The High Court's finding that buildings and sites on and around Dublin's Moore Street are a 1916 Rising battlfield site comprising a national monument was "strongly supported" by evidence, including from historians and two former directors of the National Musuem, the Court of Appeal has been told.
Com Moore, a nominee of the 1916 Relatives Association, has also submitted the Minister for Arts and Heritage is wrong to descibe his case over the site as "an abuse of process", involving what the Minister says is "a collateral attack on lawful decisions of administrative authorities", which should have been dismissed on that basis by the High Court.
Michael Collins SC, for Mr Moore, argued today the Minister had not, until this appeal, objected to the judicial review procedure used to secure the declaration of a 1916 Rising battlefield site from the High Court's Mr Justice Max Barrett.
The Minister had not raised the judicial review issue in the High Court even though Mr Moore's side had referred in his grounding statement for judicial review to the possibility of using an alternative plenary procedure involving a hearing on oral evidence, counsel said.
On the contrary, the Minister said the matter was "urgent" and was happy to proceed with judicial review.
Counsel said the Minister could also have called any evidence, including from historians, if desired and the Minister's lawyers were free to cross-examine the witnesses called by Mr Moore, which included historians Pat Wallace and Seamus Lynam, a former director and acting director of the National Museum respectively.
Mr Collins was making arguments opposing appeals by the Minister and Dublin Central Limited Partnership (DCLP) - which bought some of the buildings and lands last year from another company, Chartered Land - over the High Court decision.
In a 399-page judgment in March 2016, Mr Justice Barrett granted orders preventing works to the buildings and locations at issue after declaring they constitute a 1916 Rising battlefield site comprising a national monument.
The orders also applied to a terrace of buildings at Nos 14-17 Moore Street, where the 1916 leaders met for the final time and decided to surrender.

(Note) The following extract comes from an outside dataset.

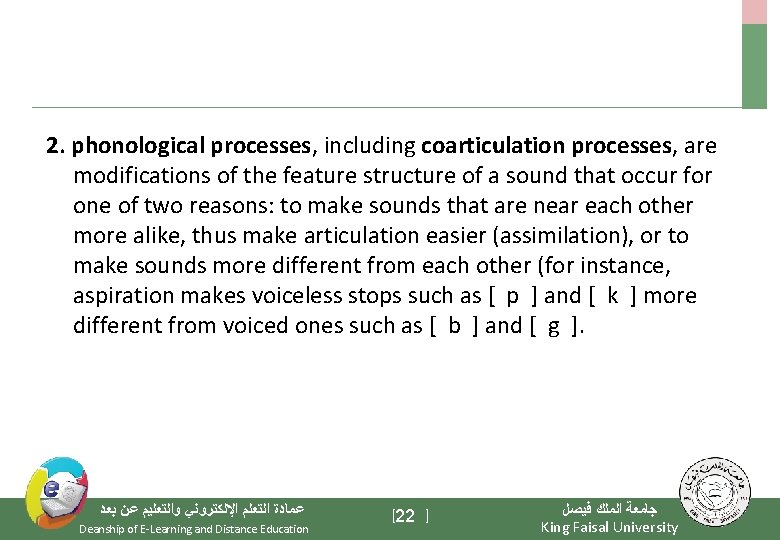 2. phonological processes, including coarticulation processes, are modifications of the feature structure of a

The Minister had argued it was adequate to protect only that terrace where it is intended to establish a 1916 Rising Commemorative Centre.

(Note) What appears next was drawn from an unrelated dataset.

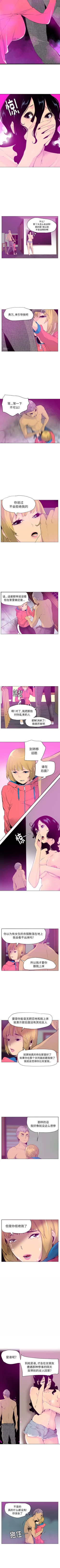 Page 98 of 慾望人妻 1-40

In the Minister's appeal, it is contended the High Court was not entitled, in the judicial review procedure, to make orders of such "enormous scope". It is also disputed there is any "battlefied site" with the Minister maintaining that is a "modern invention" more reflective of the state of the contemporary cityscape than what occurred in 1916.
Towards the close of today's hearing, Attorney General Seamus Woulfe, who with Michael McDowell SC, is representing the Minister, began submissions concerning the planning issues in the proceedings.
The Attorney argued Mr Moore's case should never have got as far as it had because, he submitted, the High Court cannot make orders which have the effect of restricting the functions of the Minister under the National Monuments Acts.
The Minister was permitted under the Acts to do such works as she considered necessary to and at a national monument.
He had made that argument to the High Court and it should have "disposed of the case in minutes", but the High Court reached a "remarkable" construction of the relevant provisions, the Attorney said.
The orders made by the High Court clearly prejudiced the Minister in the exercise of her functions, he said.
The appeal is expected to conclude tomorrow with judgment reserved.